太田述正コラム#11956(2021.4.13)
<福島克彦『明智光秀–織田政権の司令塔』を読む(その2)>(2021.7.6公開)

 「光秀<や>・・・村井貞勝<(注4)>・・・<ら>織田系奉行たちは、義昭や信長の指令を一方的に伝えるだけでなく、現地の事情を聞き、それを上位の義昭、信長へと伝え、審議するという重要な役回りを担っ<てい>た。
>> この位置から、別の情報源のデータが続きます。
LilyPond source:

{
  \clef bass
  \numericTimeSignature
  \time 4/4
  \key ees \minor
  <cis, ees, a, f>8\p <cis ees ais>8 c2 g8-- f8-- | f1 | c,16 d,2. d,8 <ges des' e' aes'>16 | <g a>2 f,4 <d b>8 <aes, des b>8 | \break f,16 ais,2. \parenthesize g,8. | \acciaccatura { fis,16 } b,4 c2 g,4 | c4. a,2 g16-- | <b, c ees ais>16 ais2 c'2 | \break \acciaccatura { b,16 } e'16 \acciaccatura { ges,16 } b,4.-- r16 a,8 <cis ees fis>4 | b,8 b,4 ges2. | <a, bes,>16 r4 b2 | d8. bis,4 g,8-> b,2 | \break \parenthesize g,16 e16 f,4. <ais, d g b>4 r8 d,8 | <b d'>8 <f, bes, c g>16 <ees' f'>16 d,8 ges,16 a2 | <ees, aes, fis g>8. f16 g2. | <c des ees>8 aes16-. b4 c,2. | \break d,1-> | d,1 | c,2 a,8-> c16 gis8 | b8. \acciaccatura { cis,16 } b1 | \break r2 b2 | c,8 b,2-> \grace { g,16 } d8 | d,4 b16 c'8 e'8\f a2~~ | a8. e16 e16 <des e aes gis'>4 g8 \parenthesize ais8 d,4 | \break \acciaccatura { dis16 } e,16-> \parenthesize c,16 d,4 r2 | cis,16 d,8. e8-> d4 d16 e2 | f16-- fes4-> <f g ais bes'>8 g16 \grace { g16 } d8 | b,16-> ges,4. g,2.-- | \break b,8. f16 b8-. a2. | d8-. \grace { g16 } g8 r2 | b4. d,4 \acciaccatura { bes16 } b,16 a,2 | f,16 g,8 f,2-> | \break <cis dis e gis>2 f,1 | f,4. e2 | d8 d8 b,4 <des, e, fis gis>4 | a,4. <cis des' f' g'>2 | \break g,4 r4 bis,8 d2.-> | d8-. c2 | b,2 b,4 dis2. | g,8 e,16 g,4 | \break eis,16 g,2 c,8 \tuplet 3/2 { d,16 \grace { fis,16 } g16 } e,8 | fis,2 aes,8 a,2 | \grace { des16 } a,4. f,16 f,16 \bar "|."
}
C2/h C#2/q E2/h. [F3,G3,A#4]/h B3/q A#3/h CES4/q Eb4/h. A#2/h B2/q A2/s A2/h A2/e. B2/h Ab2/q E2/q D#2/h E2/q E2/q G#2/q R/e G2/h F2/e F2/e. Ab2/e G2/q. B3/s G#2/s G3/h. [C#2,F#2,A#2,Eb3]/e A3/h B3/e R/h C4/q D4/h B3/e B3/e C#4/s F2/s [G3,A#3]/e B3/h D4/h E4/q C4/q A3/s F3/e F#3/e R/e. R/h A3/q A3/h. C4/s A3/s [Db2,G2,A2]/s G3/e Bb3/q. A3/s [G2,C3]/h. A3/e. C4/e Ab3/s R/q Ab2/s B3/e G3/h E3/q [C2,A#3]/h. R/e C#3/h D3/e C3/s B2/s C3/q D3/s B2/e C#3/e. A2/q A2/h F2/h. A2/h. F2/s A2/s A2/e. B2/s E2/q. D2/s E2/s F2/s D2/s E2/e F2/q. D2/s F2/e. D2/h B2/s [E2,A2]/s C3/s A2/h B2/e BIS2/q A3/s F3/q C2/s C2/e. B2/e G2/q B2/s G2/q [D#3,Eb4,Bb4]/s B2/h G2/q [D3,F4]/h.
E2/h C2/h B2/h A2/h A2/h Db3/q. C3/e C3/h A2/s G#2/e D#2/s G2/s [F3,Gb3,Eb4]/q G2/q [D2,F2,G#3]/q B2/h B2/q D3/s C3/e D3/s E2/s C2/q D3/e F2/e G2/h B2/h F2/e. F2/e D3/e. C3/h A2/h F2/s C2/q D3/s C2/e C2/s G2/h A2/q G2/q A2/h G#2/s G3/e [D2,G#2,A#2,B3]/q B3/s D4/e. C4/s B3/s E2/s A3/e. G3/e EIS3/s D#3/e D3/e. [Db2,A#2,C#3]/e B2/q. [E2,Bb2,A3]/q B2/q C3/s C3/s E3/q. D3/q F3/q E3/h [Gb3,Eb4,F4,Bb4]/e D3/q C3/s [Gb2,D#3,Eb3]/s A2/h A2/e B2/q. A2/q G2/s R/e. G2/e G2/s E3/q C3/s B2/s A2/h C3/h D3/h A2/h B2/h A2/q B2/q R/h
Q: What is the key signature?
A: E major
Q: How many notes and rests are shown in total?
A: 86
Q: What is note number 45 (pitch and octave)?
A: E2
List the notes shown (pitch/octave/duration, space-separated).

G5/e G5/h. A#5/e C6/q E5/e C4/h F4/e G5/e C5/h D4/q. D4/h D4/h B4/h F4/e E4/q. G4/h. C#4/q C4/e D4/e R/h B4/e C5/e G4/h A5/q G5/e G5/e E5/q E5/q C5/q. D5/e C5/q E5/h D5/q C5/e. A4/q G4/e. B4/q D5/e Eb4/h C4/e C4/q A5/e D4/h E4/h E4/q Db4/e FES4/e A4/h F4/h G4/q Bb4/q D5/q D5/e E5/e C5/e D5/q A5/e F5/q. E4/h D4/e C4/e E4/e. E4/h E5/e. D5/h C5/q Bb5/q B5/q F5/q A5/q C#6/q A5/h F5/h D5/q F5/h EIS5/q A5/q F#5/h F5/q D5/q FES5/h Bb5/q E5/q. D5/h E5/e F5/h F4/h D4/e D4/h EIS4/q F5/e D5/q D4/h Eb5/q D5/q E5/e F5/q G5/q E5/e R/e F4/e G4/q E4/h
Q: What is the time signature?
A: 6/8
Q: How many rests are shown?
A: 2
 (注4)?~1582。「1556年・・・に織田信行が兄の信長に叛旗を翻した時にはすでに信長に仕えており、島田秀満(秀順)と共に土田御前の依頼を受けて、信行や柴田勝家らとの和平交渉を行った。信長が足利義昭と共に上洛した際も同行し、明院良政・佐久間信盛・木下秀吉・丹羽長秀らの諸将と共に京に残留し、諸政務に当たっている。
 西美濃三人衆降誘の際の人質受け取りや足利義昭の庇護、上洛後の二条城の造営、その他社寺との折衝など、織田家の政務を担う。朝山日乗と共に京都御所の修築も担当している。
 足利義昭を追放した信長が京都を完全支配下に置いた後、・・・1573年・・・7月、信長より京都所司代(天下所司代)に任ぜられる。松井友閑・武井夕庵・明智光秀・塙直政らの信長の行政官僚側近らと共に、京都の治安維持や朝廷・貴族・各寺社との交渉、御所の修復、使者の接待、信長の京都馬揃えの準備など、およそ信長支配体制下における、京都に関する行政の全てを任されている。」
https://ja.wikipedia.org/wiki/%E6%9D%91%E4%BA%95%E8%B2%9E%E5%8B%9D

 特に寺社権門の利害が絡む畿内・近国では、こうした側面が強かったと思われる。・・・
 <また、>当初上京・下京の町人との初期対応は・・・朝山日乗・・・が担当し、あとの譴責は織田系武将たち<の>・・・織田信広(信長の庶兄)、森可成<(注5)>(もりよしなり)、村井貞勝、明智光秀の4名・・・が担うという分担がなされていた。・・・

 (注5)1523~1570年。「家系は清和源氏の一家系、河内源氏の棟梁・鎮守府将軍八幡太郎義家の7男・陸奥七郎義隆の子孫にあたる。・・・森氏は義隆の3男・若槻頼隆の次男・森頼定に始まる<。>・・・可成の家系は頼定の次男・森定氏の子孫が美濃に住んで代々土岐氏に仕えた。・・・<可成は、>斎藤道三により土岐氏が滅ぼされた後の・・・1554年・・・には尾張国で織田信長に仕えた(一説には斎藤氏家臣の長井道利に仕えた後の仕官とも)。・・・浅井長政・朝倉義景の連合軍<との戦いで>・・・討死した・・・。・・・信長は可成の死を深く悲しみ、直後に弔い合戦として浅井・朝倉軍に協力した比叡山延暦寺を焼き討ちすることになる原因の1つになったという。」
https://ja.wikipedia.org/wiki/%E6%A3%AE%E5%8F%AF%E6%88%90

⇒朝山日乗については、次回の東京オフ会「講演」原稿で詳細に取り上げます。(太田)

 この後、信長は光秀と接近するようになり、・・・<1570>年、二度も京都を訪れた際、・・・<光秀の>所に宿泊している・・・。・・・

⇒福島には大変申し訳ないが、この辺りから、真面目に読む気がなくなってしまいました。
 史観がおかしい、とか、その出来事についての解釈がおかしい、というレベル以前の、根本的な問題を福島のこの本は抱えているからです。
 それは、自分が知っていることを、次々に、殆ど脈絡なく並べ立てているだけで、福島が何を言いたいのかさっぱり分からない、という問題です。
 そこで、以下、斜め読みしつつ、私の関心を引いた事柄だけをピックアップして行く形で、とにかく、この本の最後までたどり着く、という感じで進めたいと思います。(太田)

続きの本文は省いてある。